Early on, Northwestern was committing to the running back too early on the read-option, allowing Armstrong to break free for big gains. Then once the quarterback run game was established, Northwestern was freezing whenever Nebraska would run a read-option play, allowing for large holes to open up for the running backs. It was the perfect one-two punch for Nebraska and it was exploited all night long.
“It was a great mixture [of playcalling], really good stuff I thought,” Nebraska head coach Mike Riley said. “The ability to run the tailback or the quarterback, it’s just a great mix. [Armstrong] had some great plays, some big plays throughout the game.”
What’s most worrisome is the fact that Northwestern didn’t have too many structural breakdowns or terrible misreads and blown assignments; Nebraska was just gaining yards at will with sheer force. Northwestern players were taking bad angles, not making tackles and consistently getting beat for 8-10 yard gains.
“It’s mind boggling to me, mind boggling,” Fitzgerald said about defending the read option. “We did it right all week in practice.”
Through the air, Armstrong missed a few open receivers, but overall was very efficient, taking advantage of the Northwestern coverage, or lack thereof. With the cornerbacks refusing to play press coverage—a strategy that worked well against Duke—Armstrong exploited the defense for an easy eight yards per attempt. Every curl or out route was wide open as Montre Hartage and Trae Williams were lined up 10 yards off of their wide receivers. It was the ultimate “taking what the defense gives you,” and it allowed the Cornhuskers to easily move the ball.
“Just playing what we see, that’s what we kind of gameplanned for,” Armstrong Jr. said. “We knew that they had some athletic d-lineman so we wanted to establish the running game to open up the passes and we did that.”
It’s easy to sit here and say that Northwestern just ran into a very good Nebraska offense on Saturday, and while that is true, it ignores the big picture. Northwestern’s defense is not good. Yardage-wise, this was the second-worst performance in the Mike Hankwitz era.

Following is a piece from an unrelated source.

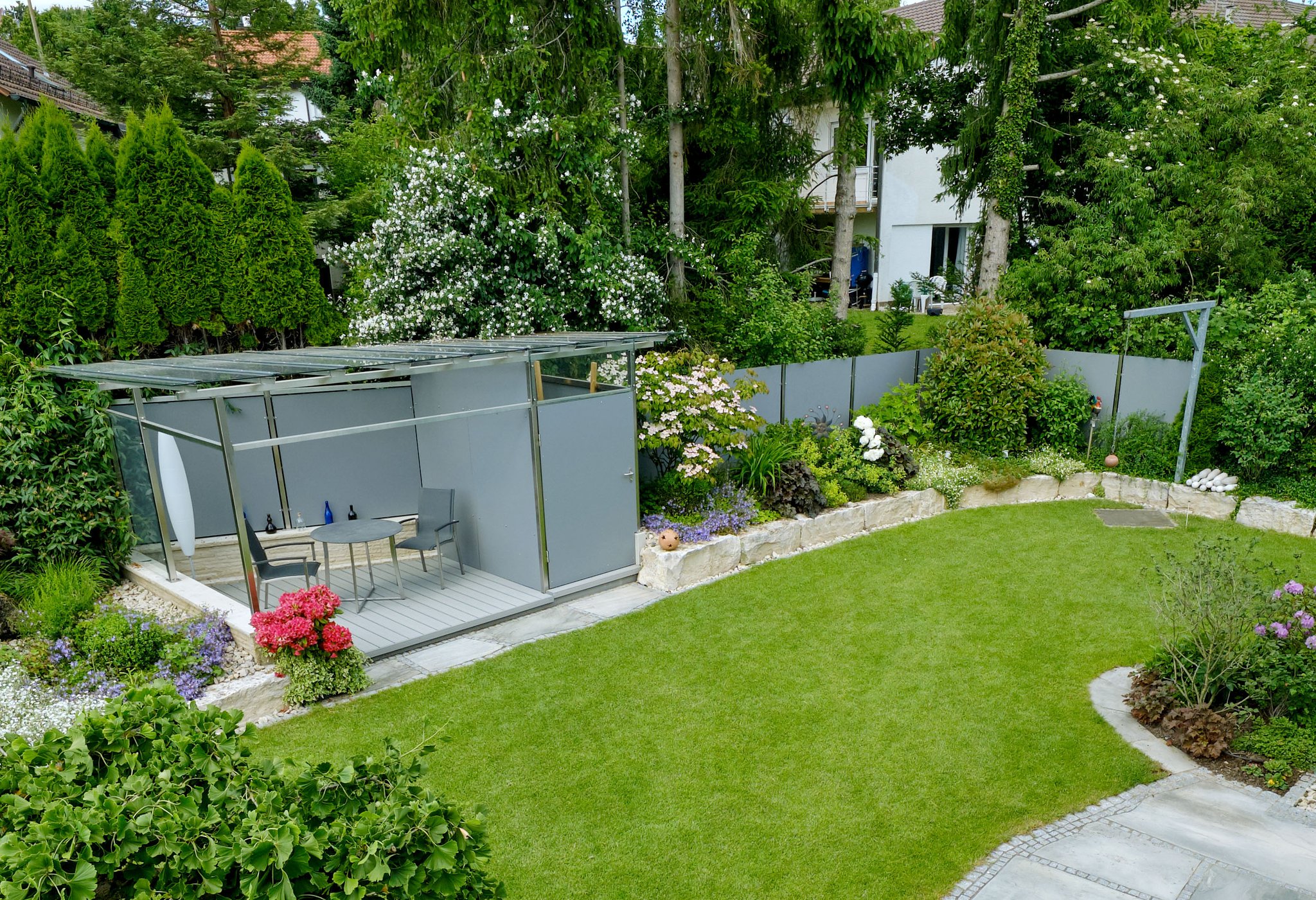 Die Optik der Lounge ...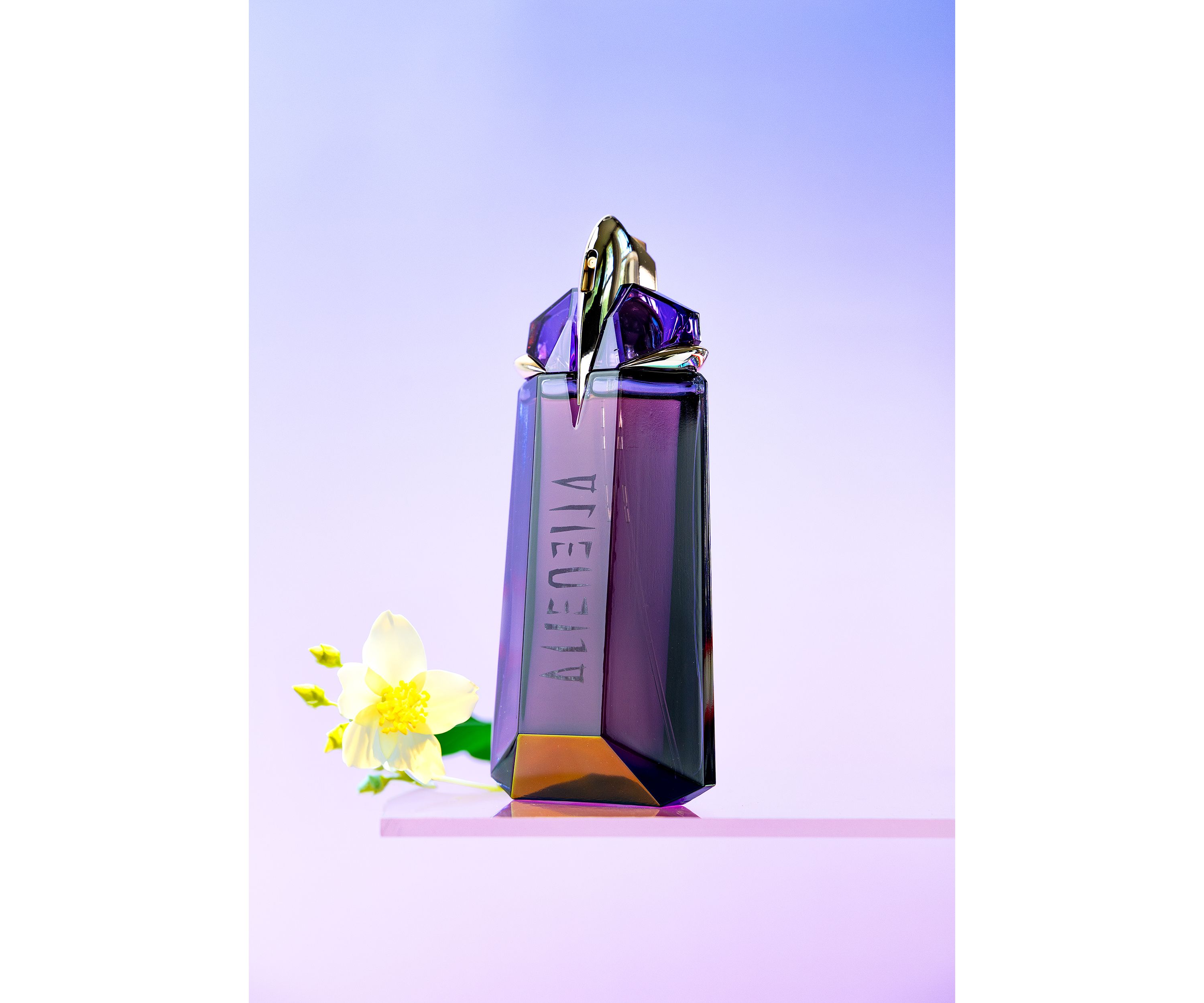  Alien Ladies Set by Thierry Mugler - $135 Value!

So far through four games, the defense has given up 1,740 yards, exactly 435 yards per game. To put that in perspective, the 2015 defense gave up 3,726 yards for the entire season. Currently 2016 Northwestern is on pace to give up 5,220 yards by season’s end.
The defense has been able to limit the damage, only giving up 17 points per game, but that’s a bit of a misleading number given the fact that Illinois State and Duke only scored a combined 21 points with almost 800 total yards of offense. You can give credit to the team for solidifying somewhat in the redzone, but at some point you have to be able to get off the field.
Northwestern is giving up 177.7 yards per game on the ground and 257.5 yards per game through the air. The defense can’t get off the field on third down and that combined with an inconsistent offense has caused a series problem in terms of time of possession.
There are several issues with the current iteration of Northwestern football, and many of them were put on full display against Nebraska under the lights. What’s scarier is that for the first time in over a season, it’s the defensive side of the ball that looks like it simply has no answers.